Home | About | Sematext search-lucene.com search-hadoop.com
 Search Hadoop and all its subprojects:

Switch to Threaded View
Hadoop >> mail # user >> When does Reduce job start

Copy link to this message
Re: When does Reduce job start
It's part of the design that reduce() does not get called until the map
phase is complete. You're seeing reduce report as started when map is at 90%
complete because hadoop is shuffling data from the mappers that have
completed.
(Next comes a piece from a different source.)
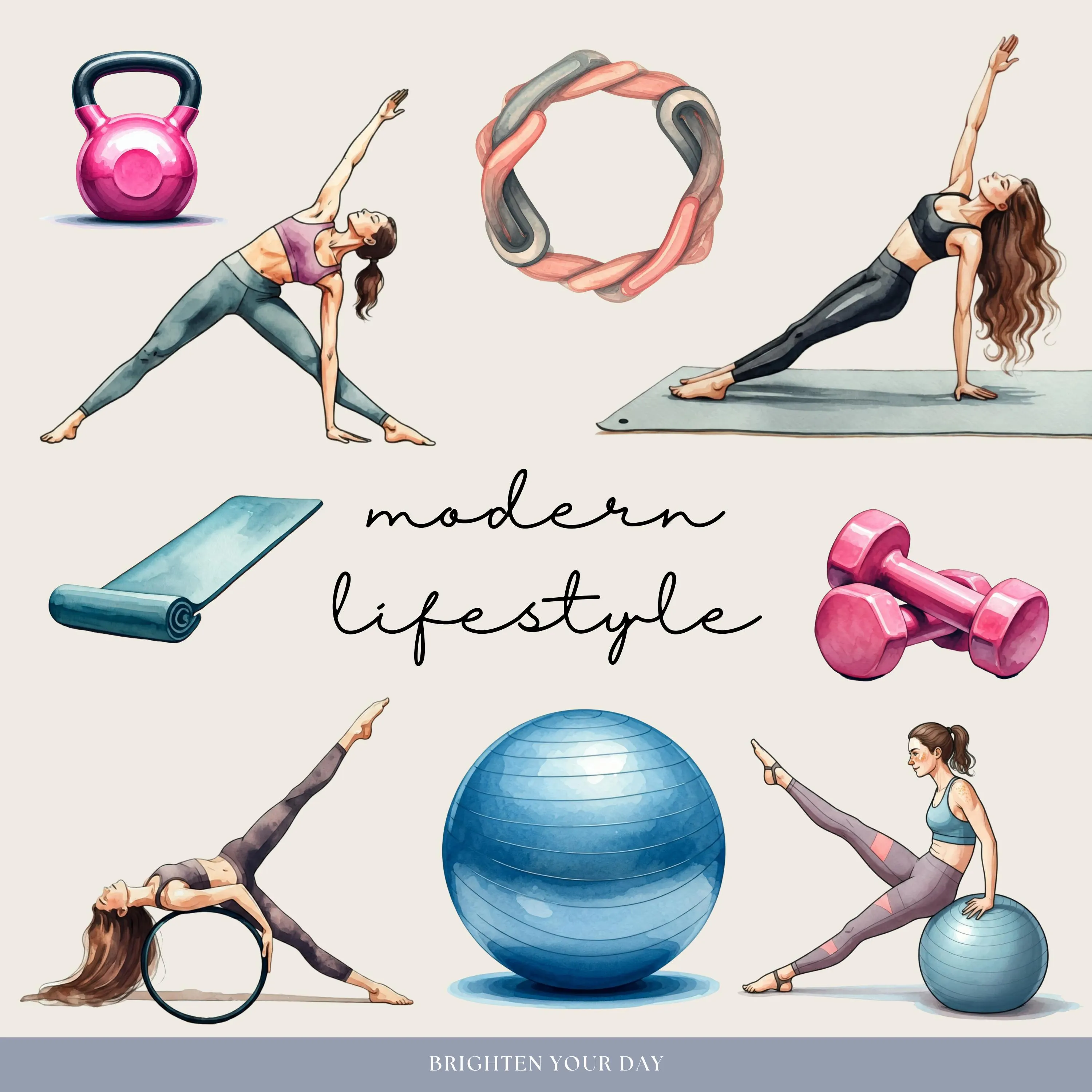 Pilates Workout Digital Planner Stickers, Digital Sticker Book, Goodnotes Stickers, Fitness Planner, Ipad Stickers, Png Exercise Stickers - image 5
As currently designed, you can't prematurely start reduce()
because there is no way to gaurantee you have all the values for any key
until all the mappers are done. reduce() requires a key and all the values
for that key in order to execute.

On Tue, Jan 4, 2011 at 10:53 AM, sagar naik <[EMAIL PROTECTED]> wrote:

> Hi All,
> number  of map task: 1000s
> number of reduce task:single digit
> In such cases the reduce task wont  started even when few map task are
> completed.
> Example:
> In my observation of a sample run of bin/hadoop jar
> hadoop-*examples*.jar pi 10000 10, the reduce did not start untill 90%
> of map task were complete.
> The only reason, I can think of not starting  a reduce task is to
> avoid the un-necessary transfer of map output data in case of
> failures.
> Is there a way to quickly start the reduce task in such case ?
> Wht is the configuration param to change this behavior
> Thanks,
> Sagar